In TGuillerme/dispRity: Measuring Disparity

dispRity ecology demo

This is an example of typical disparity analysis that can be performed in ecology.

Data

For this example, we will use the famous iris inbuilt data set

data(iris)

This data contains petal and sepal length for 150 individual plants sorted into three species.

## Separating the species
species <- iris[,5]
## Which species?
unique(species)

## Separating the petal/sepal length
measurements <- iris[,1:4]
head(measurements)

We can then ordinate the data using a PCA (prcomp function) thus defining our four dimensional space as the poetically named petal-space.

## Ordinating the data
ordination <- prcomp(measurements)

## The petal-space
petal_space <- ordination$x

## Adding the elements names to the petal-space (the individuals IDs)
rownames(petal_space) <- 1:nrow(petal_space)

Classic analysis

A classical way to represent this ordinated data would be to use two dimensional plots to look at how the different species are distributed in the petal-space.

## Measuring the variance on each axis
axis_variances <- apply(petal_space, 2, var)
axis_variances <- axis_variances/sum(axis_variances)

## Graphical option
par(bty = "n")

## A classic 2D ordination plot
plot(petal_space[, 1], petal_space[, 2], col = species,
    xlab = paste0("PC 1 (", round(axis_variances[1], 2), ")"),
    ylab = paste0("PC 2 (", round(axis_variances[2], 2), ")"))

This shows the distribution of the different species in the petal-space along the two first axis of variation.

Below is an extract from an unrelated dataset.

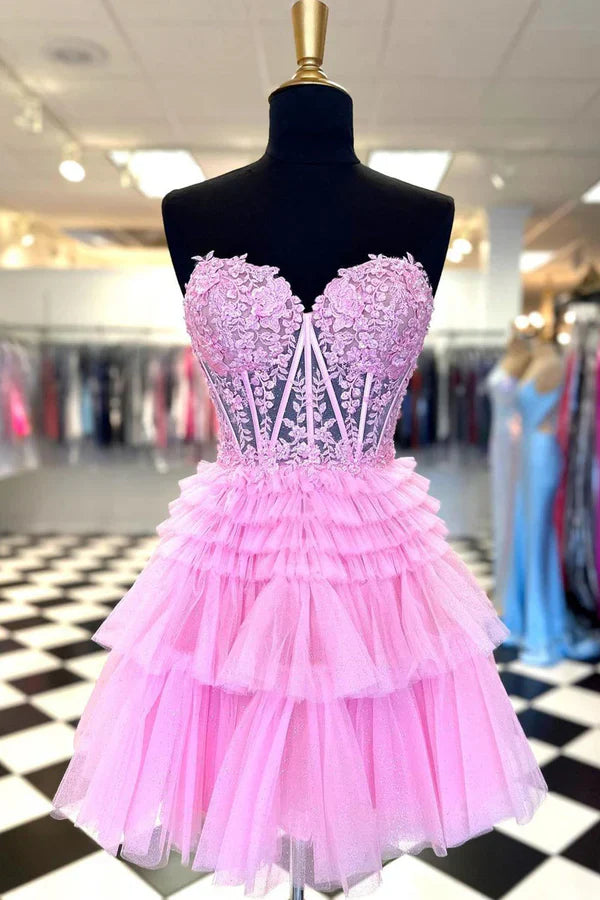 omberprom Elegant A Line Graduation Dresses Sweetheart Homecoming Dress Short Prom Dress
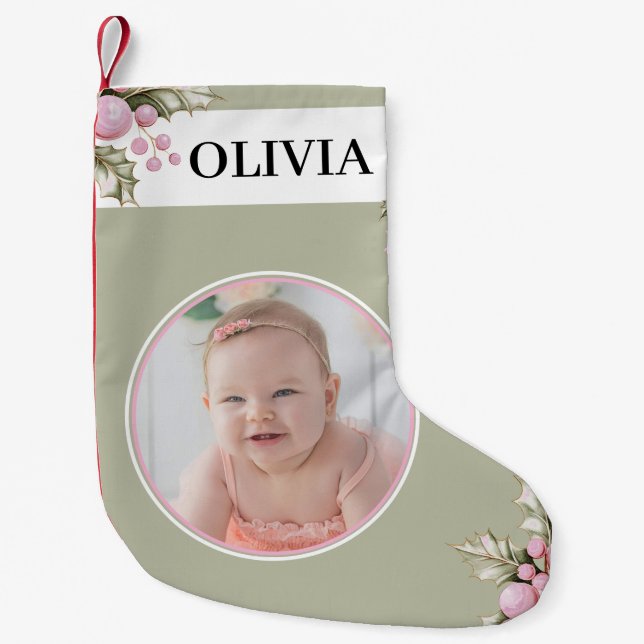 Petite Chaussette De Noël Bouche de Noël Holly Rose (Devant)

This is a pretty standard way to visualise the multidimensional space and further analysis might be necessary to test wether the groups are different such as a linear discriminant analysis (LDA). However, in this case we are ignoring the two other dimensions of the ordination! If we look at the two other axis we see a totally different result:

## Plotting the two second axis of the petal-space
plot(petal_space[, 3], petal_space[, 4], col = species,
    xlab = paste0("PC 3 (", round(axis_variances[3], 2), ")"),
    ylab = paste0("PC 4 (", round(axis_variances[4], 2), ")"))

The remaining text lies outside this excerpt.